Japanese Beetle Numbers Down and Injunction on Prop 65 Impact on Glyphosate

Japanese Beetle Numbers Down and Injunction on Prop 65 Impact on Glyphosate

Bob Larson
Bob Larson
From the Ag Information Network, I’m Bob Larson with your Agribusiness Update.

**The Washington State Department of Agriculture’s Pest Program saw its first substantial decline in Japanese beetle numbers this summer in Yakima, Benton and Franklin counties, but over a wider area.

Japanese beetles were first detected in Grandview and Sunnyside in 2020 and mass trapping helped keep the numbers steady in 2021 and 22.

WSDA conducted a treatment for Japanese beetles this spring and hopes to see a further decline next year.
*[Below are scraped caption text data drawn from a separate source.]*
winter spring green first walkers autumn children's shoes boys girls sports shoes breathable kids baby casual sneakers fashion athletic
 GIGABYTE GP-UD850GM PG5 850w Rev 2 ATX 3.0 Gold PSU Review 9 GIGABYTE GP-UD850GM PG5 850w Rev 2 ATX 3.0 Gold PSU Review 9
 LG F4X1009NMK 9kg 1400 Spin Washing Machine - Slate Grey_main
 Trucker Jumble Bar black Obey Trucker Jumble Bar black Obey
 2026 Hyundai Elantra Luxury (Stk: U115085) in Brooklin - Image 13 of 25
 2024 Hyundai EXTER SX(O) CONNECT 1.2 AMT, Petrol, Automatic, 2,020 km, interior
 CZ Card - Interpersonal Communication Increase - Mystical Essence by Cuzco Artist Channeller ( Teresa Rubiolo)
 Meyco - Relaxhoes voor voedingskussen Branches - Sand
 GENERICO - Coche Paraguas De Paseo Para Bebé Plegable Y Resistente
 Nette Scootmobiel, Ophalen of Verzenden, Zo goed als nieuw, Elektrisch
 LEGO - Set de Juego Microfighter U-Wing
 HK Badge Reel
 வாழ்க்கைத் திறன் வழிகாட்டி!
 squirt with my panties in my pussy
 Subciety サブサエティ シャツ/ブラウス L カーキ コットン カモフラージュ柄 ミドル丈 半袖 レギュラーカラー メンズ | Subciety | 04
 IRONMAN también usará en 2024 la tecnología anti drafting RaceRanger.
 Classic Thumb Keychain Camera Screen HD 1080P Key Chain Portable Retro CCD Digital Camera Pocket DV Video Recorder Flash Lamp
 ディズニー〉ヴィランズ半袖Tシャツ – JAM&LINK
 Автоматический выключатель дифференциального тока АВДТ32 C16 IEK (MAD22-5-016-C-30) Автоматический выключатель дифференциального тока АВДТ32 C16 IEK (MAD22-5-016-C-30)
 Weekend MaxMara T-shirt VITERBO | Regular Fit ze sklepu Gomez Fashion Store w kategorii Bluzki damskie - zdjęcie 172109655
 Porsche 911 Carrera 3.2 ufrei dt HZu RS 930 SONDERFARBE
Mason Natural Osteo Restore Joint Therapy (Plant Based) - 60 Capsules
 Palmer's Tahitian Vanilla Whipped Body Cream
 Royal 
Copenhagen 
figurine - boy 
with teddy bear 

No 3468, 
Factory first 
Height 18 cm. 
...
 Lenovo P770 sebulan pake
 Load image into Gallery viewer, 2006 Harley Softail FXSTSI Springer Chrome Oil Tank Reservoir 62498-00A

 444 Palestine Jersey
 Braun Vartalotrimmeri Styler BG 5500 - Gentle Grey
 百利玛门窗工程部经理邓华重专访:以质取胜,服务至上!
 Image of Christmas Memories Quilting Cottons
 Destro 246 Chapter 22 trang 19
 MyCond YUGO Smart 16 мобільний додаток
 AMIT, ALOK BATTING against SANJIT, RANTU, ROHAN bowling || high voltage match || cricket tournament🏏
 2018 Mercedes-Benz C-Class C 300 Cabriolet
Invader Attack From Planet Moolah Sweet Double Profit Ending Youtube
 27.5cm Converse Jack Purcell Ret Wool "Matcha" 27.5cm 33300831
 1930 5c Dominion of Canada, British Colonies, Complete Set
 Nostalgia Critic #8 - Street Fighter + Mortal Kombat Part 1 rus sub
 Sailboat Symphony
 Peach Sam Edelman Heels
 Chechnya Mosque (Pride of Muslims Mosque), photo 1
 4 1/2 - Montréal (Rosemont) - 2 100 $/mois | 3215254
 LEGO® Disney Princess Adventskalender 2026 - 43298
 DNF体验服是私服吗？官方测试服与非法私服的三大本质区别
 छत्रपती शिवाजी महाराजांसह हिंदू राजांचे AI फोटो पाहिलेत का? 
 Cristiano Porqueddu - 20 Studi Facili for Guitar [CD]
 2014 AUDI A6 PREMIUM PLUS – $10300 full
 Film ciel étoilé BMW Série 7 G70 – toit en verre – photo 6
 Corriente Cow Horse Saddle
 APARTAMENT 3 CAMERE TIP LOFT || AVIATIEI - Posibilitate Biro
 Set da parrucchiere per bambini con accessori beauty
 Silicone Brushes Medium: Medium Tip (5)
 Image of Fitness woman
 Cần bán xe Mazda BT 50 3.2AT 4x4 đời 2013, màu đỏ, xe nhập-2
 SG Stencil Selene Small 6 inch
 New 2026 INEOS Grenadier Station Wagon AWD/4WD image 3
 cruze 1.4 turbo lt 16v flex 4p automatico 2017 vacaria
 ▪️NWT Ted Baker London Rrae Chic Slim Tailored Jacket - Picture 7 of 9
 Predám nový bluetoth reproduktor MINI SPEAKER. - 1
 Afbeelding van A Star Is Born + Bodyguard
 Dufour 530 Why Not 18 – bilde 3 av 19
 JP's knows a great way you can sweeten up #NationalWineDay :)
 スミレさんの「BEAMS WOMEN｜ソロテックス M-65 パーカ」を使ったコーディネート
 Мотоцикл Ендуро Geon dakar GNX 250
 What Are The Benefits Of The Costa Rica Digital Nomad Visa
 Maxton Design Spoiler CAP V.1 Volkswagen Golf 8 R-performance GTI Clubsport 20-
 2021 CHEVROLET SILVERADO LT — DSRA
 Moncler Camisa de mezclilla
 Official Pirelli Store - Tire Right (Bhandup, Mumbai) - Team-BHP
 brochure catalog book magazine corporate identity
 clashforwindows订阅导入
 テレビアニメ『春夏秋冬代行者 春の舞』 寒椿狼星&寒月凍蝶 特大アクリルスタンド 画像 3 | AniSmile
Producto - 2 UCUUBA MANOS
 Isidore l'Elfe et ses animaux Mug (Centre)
**The U.S. Ninth Circuit Appeals recently affirmed a district court permanent injunction prohibiting California's Proposition 65 warning requirement related to glyphosate.

The proposition did not ban the use of glyphosate, but California attempted to apply Prop 65 to glyphosate in 2017 following the 2015 ruling that glyphosate is an animal carcinogen and a probable human carcinogen.

The National Association of Wheat Growers welcomed the court's response of a permanent injunction.

**Prices paid for crop seed increased significantly faster than the prices farmers received for crop commodities between 1990 and 2020.

During that period, the average prices farmers paid for all seed rose by 270%, while the crop commodity price index rose 56%.

For crops planted predominantly with genetically modified seed, like corn soybeans, and cotton, those seed prices rose by an average of 463% between 1990 and 2020.